See Agner Fog's microarch guide (https://agner.org/optimize/), and other links in https://stackoverflow.com/tags/x86/info. Also I think Intel's optimization manual mentions this for Intel CPUs; I haven't checked AMD's.
For example for AMD K8/K10, Agner writes:
AMD manuals say that the branch misprediction penalty is 10 clock cycles if the code segment base is zero and 12 clocks if the code segment base is nonzero. In my measurements, I have found a minimum branch misprediction penalty of 12 and 13 clock cycles, respectively.
And re: data load/stores on K8/K10:
The time it takes to calculate an address and read from that address in the level-1 cache is 3 clock cycles if the segment base is zero and 4 clock cycles if the segment base is nonzero, according to my measurements. Modern operating systems use paging rather than segmentation to organize memory. You can therefore assume that the segment base is zero in 32-bit and 64-bit operating systems (except for the thread information block which is accessed through FS or GS). The segment base is almost always nonzero in 16-bit systems in protected mode as well as real mode
I don't actually see a mention of the extra latency on Intel CPUs in Agner's guide, since it's irrelevant for most modern uses. So check Intel's optimization guide.
If you're using a segmented memory model, you'll probably end up using segment-override prefixes occasionally; some CPUs have limits on number of prefixes on a single instruction they can decode efficiently, but at least 32-bit mode won't have REX prefixes. pmovzxbd xmm0, [es: eax] will use 3 prefixes (2 mandatory as part of an SSE4.1 instruction, plus ES), and an escape byte, which would be a problem for early Silvermont-family (but not I think later low-power cores). In 32-bit mode you don't have REX prefixes, so that helps avoid that limit.
Agner Fog's microarch guide says there's no special penalty for decoding a segment override on most CPUs.

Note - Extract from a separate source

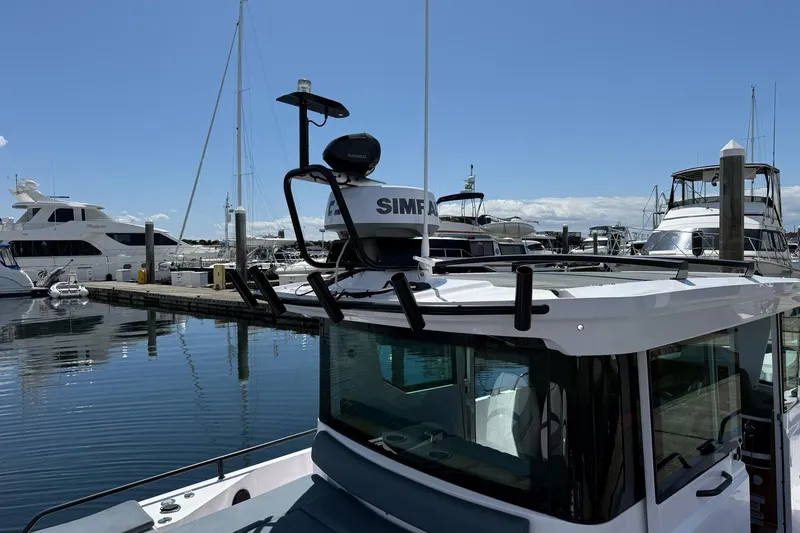 Slide: The Image of 2022 Axopar Brabus 28 Cabin docked at a marina under clear blue skies. - 35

Also, Intel CPUs (Core 2, Nehalem, and Sandybridge-family at least) do seem to rename segment registers, so modifying them like mov es, eax doesn't have to serialize out-of-order exec. But it's still not cheap, like 10 fused-domain uops for the front-end on Skylake, with 18c throughput. (But can pipeline with writes to other segment regs). See Is a mov to a segmentation register slower than a mov to a general purpose register? for some more details and test results.